For the moment we hard-code an initial set of parameters.

architecture

Detailed Architecture:
– The input is a (64,64,3) image which is flattened to a vector of size (12288,1).
– The corresponding vector: [x_0,x_1,...,x_{12287}]^T is then multiplied by the weight matrix W.
– You then add a bias term (the intercept b). the result is the linear unit.
– next, we take its ReLU (Rectified Linear Unit) to get the vector: [a_0^{[1]}, a_1^{[1]},..., a_{n^{[1]}-1}^{[1]}]^T.
Each activation vector has a different size depending on the number of units the layer.
– The process is repeated for each hidden layer (in our case three times) and several times (number of iterations), each time calculating the loss and back-propagating appropriate changes in the weights until the wished loss is reached.
– Finally, we take the sigmoid of the final linear unit. If it is greater than 0.5, we classify it to be a cat.
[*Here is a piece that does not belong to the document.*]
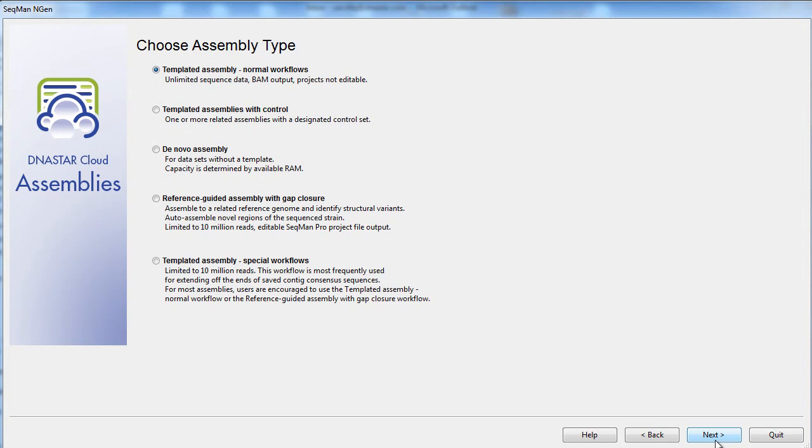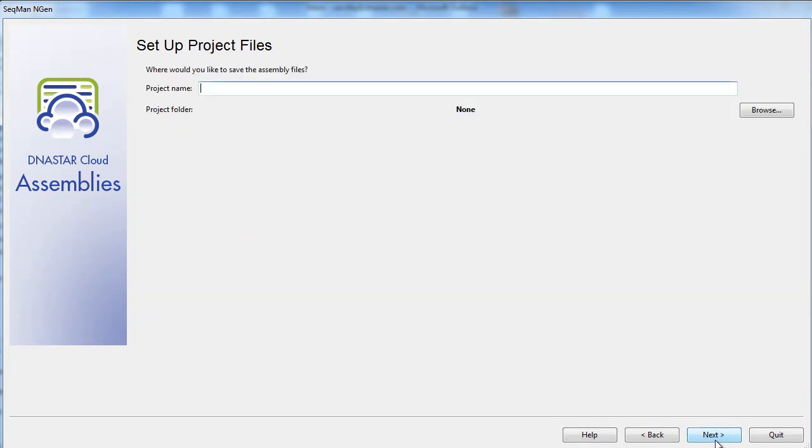Similarly, you will next choose the assembly type for your project. Next, we'll name our project and create a folder in the data drive to store our files.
### CONSTANTS DEFINING THE MODEL ####
n_x = train_set_x_flatten.shape[0]     # size of input layer
n_y = 1  # size of output layer, will be 0 or 1
    # we define a neural network with total 5 layers, x, y and 3 hidden:
    # the first hidden has 20 units, second has 7 units and third has 5
nn_layers = [n_x, 20, 7, 5, n_y]  # length is 5 (layers)

nn_layers
[Out:] [12288, 20, 7, 5, 1]

5 – Initializing parameters

There are two types of parameters to initialise in a neural network:
– the weight matrices W^{[i]}
– the bias vectors b^{[i]}

The weight matrix is initialised with random values while the bias vector as a vector of zeros.
In general, initialising all the weights to zero results in the network failing to break symmetry. This means that every neuron in each layer will learn the same thing and the network is no more powerful than a linear classifier such as logistic regression.

To break symmetry, we initialise the weights randomly. Following random initialisation, each neuron can then proceed to learn a different function of its inputs.
Of course, different initializations lead to different results and poor initialisation can slow down the optimisation algorithm.

One good practice is not to initialise to values that are too large, instead what bring good results are the so-called Xavier (pdf of the paper) or the He (for ReLU activation) initialisations (pdf of the paper).

5.1 – L-layer Neural Network

The initialisation for an L-layer neural network is complicated because there are many weight matrices and bias vectors. Need to make sure that the dimensions match between each layer.

– The model’s structure has L-1 layers using a ReLU activation function followed by an output layer with a sigmoid activation function.
– We will store n^{[l]}, the number of units in different layers, in a variable `layer_dims`. For example, a model with two inputs, one hidden layer with 4 hidden units and an output layer with 1 output unit would have dimensions equal to [2,4,1]. Thus means `W1`’s shape is (4,2), `b1` is (4,1), `W2` is (1,4) and `b2` is (1,1).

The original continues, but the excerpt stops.